Herein, like reference signs are given to steps illustrated in FIG. 14 that are equivalent
to steps illustrated in FIG. 10, and description of such steps will be reduced or
omitted. The processing in steps S321 to S323 and steps S341 to S347 illustrated in
FIG. 14 is an example of the processing in step S303 illustrated in FIG. 3. The processor
21 illustrated in FIG. 8 fulfills the function of the suppression controller 120 illustrated
in FIG. 11 by executing the processing in the steps included in the flowchart illustrated
in FIG. 14 in cooperation with respective components.
[0152] Following the processing in step S323, the processor 21 determines the desirability
of applying the reverberation suppression process to the input signal x(t), on the
basis of a comparison between the frequency δ(n) obtained by the processing in the
above step S337 and the second threshold Th2 (step S341). In the case where the frequency
δ(n) is greater than the second threshold Th2 (step S341, Yes), the processor 21 determines
that there is low desirability to suppress reverb in the environment where the microphone
101 is placed. In this case, the processor 21 computes a corrected gain G'(n, f) with
a value that is smaller than the standard suppression gain Gs(n, f) (such as a value
of 0 dB, for example), similarly to step S325 illustrated in FIG. 10 (step S342).
In contrast, in the case where the frequency δ(n) is less than or equal to the second
threshold Th2 (step S341, No), the processor 21 takes the standard suppression gain
Gs(n, f) directly as the corrected gain G'(n, f), similarly to step 5326 illustrated
in FIG. 10 (step S343).
[0153] In this way, by executing the processing in steps S341 to S343 the processor 21 is
able to fulfill the function of the gain corrector 124 which computes a corrected
gain G'(n, f) on the basis of comparison results between the above frequency δ(n)
and the second threshold Th2.
[0154] Next, the processor 21 uses the above Eq. 16 to compute an average gain Gav(n, f)
as an index indicating the slope of magnitude of the suppression gain G(n, f) up to
the nth frame (step S344). Subsequently, the processor 21 determines whether or not
the average gain Gav(n, f) obtained by the processing in step S344 is less than or
equal to the third threshold Th3 (step S345). In the case of a positive determination
in step S345, the processor 21 determines that there is low desirability to apply
reverberation suppression. In this case, the processor 21 computes a suppression gain
G(n, f) with a value that is smaller than the above corrected gain G'(n, f) (such
as a value of 0 dB, for example) (step S346). In contrast, in the case of a negative
determination in step S345, the processor 21 determines that there is high desirability
to apply reverberation suppression.

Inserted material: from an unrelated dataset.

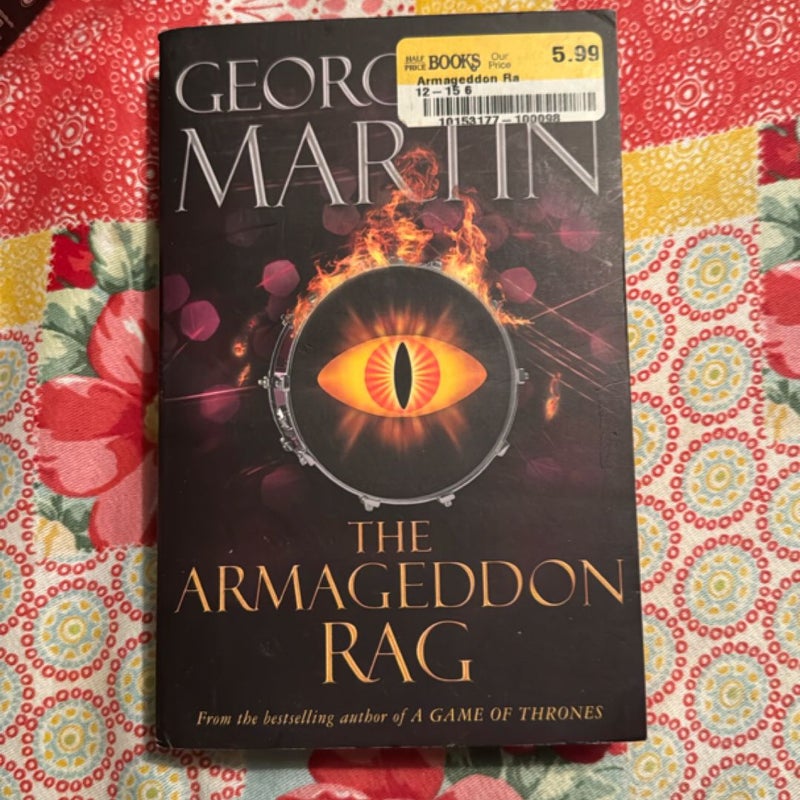 The Armageddon Rag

In this case, the processor 21 takes the above
corrected gain G'(n, f) directly as the suppression gain G(n, f) (step S347).
[0155] In this way, by executing the processing in the steps enclosed by the box labeled
S348 in FIG. 14, the processor 21 is able to fulfill the function of the gain corrector
124 computing a suppression gain G(n, f) under control by the correction controller
126 illustrated by example in FIG. 11.
[0156] However, the respective units included in the analyzer 110 and the suppression controller
120 illustrated in FIGs. 1 and 11 are not limited to the combinations illustrated
by example in FIGs. 1 and 11, and may be applied in a variety of combinations.

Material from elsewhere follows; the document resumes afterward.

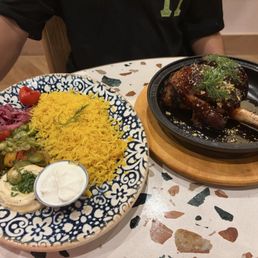 Lamb tajine Lamb tajine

[0157] For example, the correction controller 126 illustrated by example in FIG. 11 may
also be applied to the suppression controller 120 illustrated in FIG. 1. Similarly,
the index calculation process conducted by the index calculator 112 that includes
the selector 113 and the averaging unit 114 illustrated in FIG. 1 may also be controlled
according to whether or not an SNR θ(n, f) estimated by the noise estimator 115 illustrated
in FIG. 11 is equal to or greater than the constant θ1.
[0158] In any of the above aspects, the various features may be implemented in hardware,
or as software modules running on one or more processors. Features of one aspect may
be applied to any of the other aspects.
[0159] The invention also provides a computer program or a computer program product for
carrying out any of the methods described herein, and a computer readable medium having
stored thereon a program for carrying out any of the methods described herein. A computer
program embodying the invention may be stored on a computer-readable medium, or it
could, for example, be in the form of a signal such as a downloadable data signal
provided from an Internet website, or it could be in any other form.
[0160] All examples and conditional language recited herein are intended for pedagogical
purposes to aid the reader in understanding the invention and the concepts contributed
by the inventor to furthering the art, and are to be construed as being without limitation
to such specifically recited examples and conditions, nor does the organization of
such examples in the specification relate to a showing of the superiority and inferiority
of the invention. Although the embodiments of the present invention have been described
in detail, it should be understood that the various changes, substitutions, and alterations
could be made hereto without departing from the spirit and scope of the invention.